- [PROBLEM TO WORK ON] Your copy should hold only the lines from the one with "Masonry Contractor Resume" to the one with "Anillos góticos vintage", both included, each exactly as it stands below, with no pictures.
AVAILABLE DATA Block Start
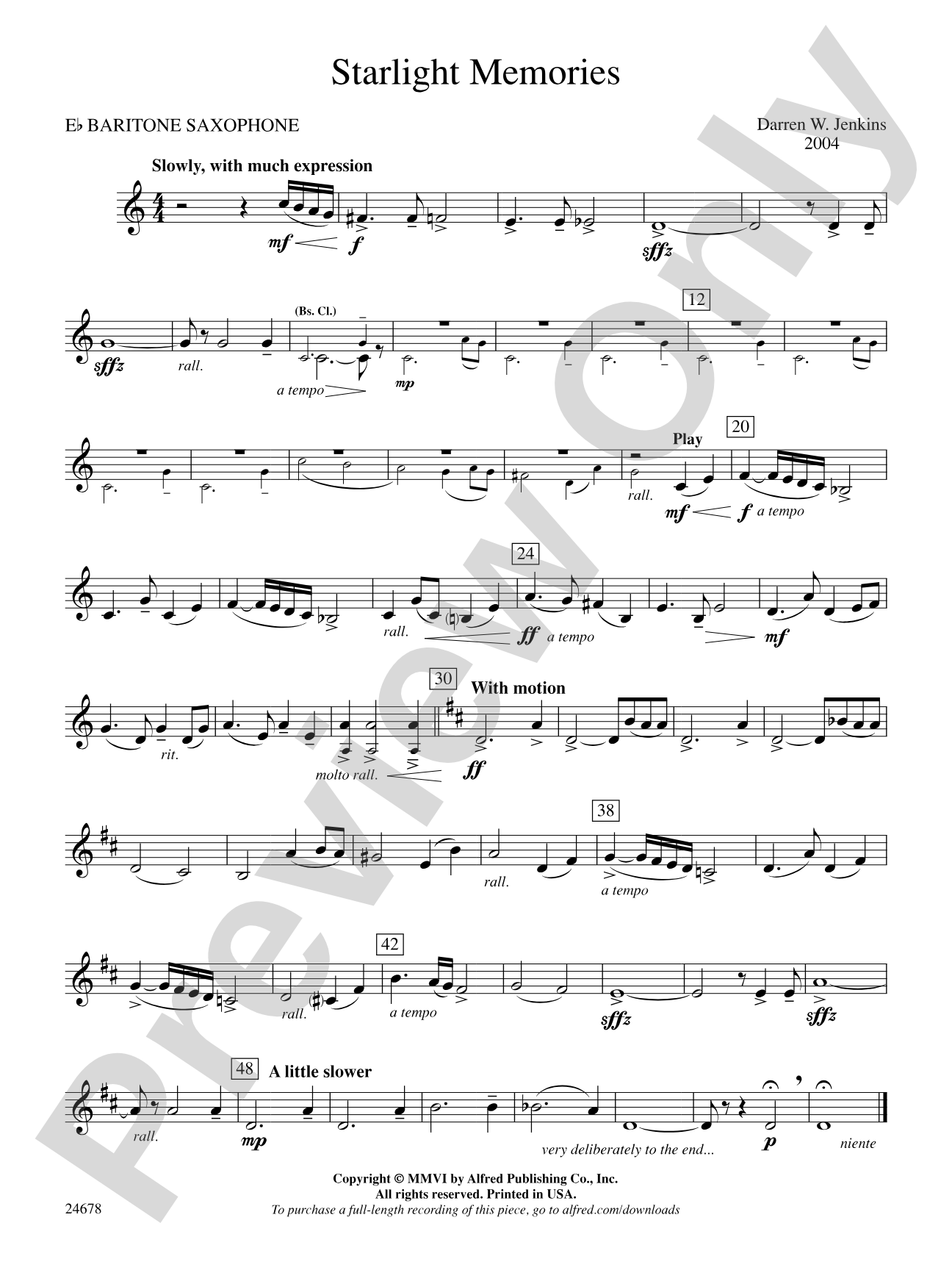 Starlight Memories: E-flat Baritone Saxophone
AVAILABLE DATA Block End
AVAILABLE DATA Block Start
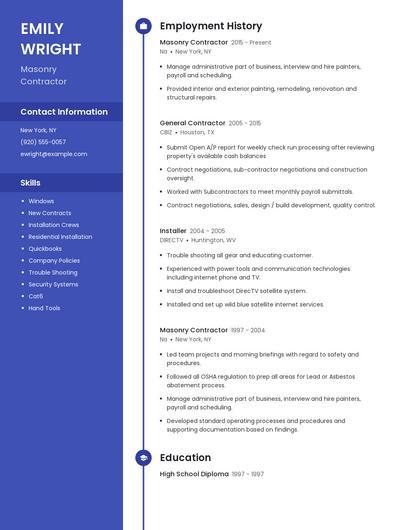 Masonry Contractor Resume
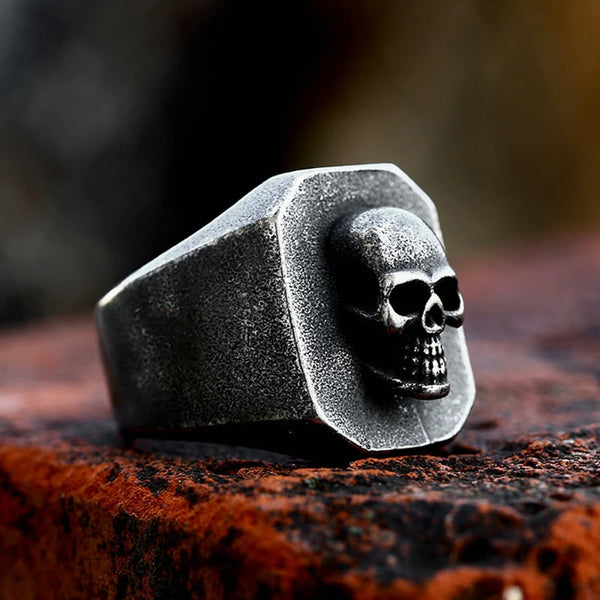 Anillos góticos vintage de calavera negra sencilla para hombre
AVAILABLE DATA Block End
- [OUTPUT OF THE TASK]
 Masonry Contractor Resume
 Anillos góticos vintage de calavera negra sencilla para hombre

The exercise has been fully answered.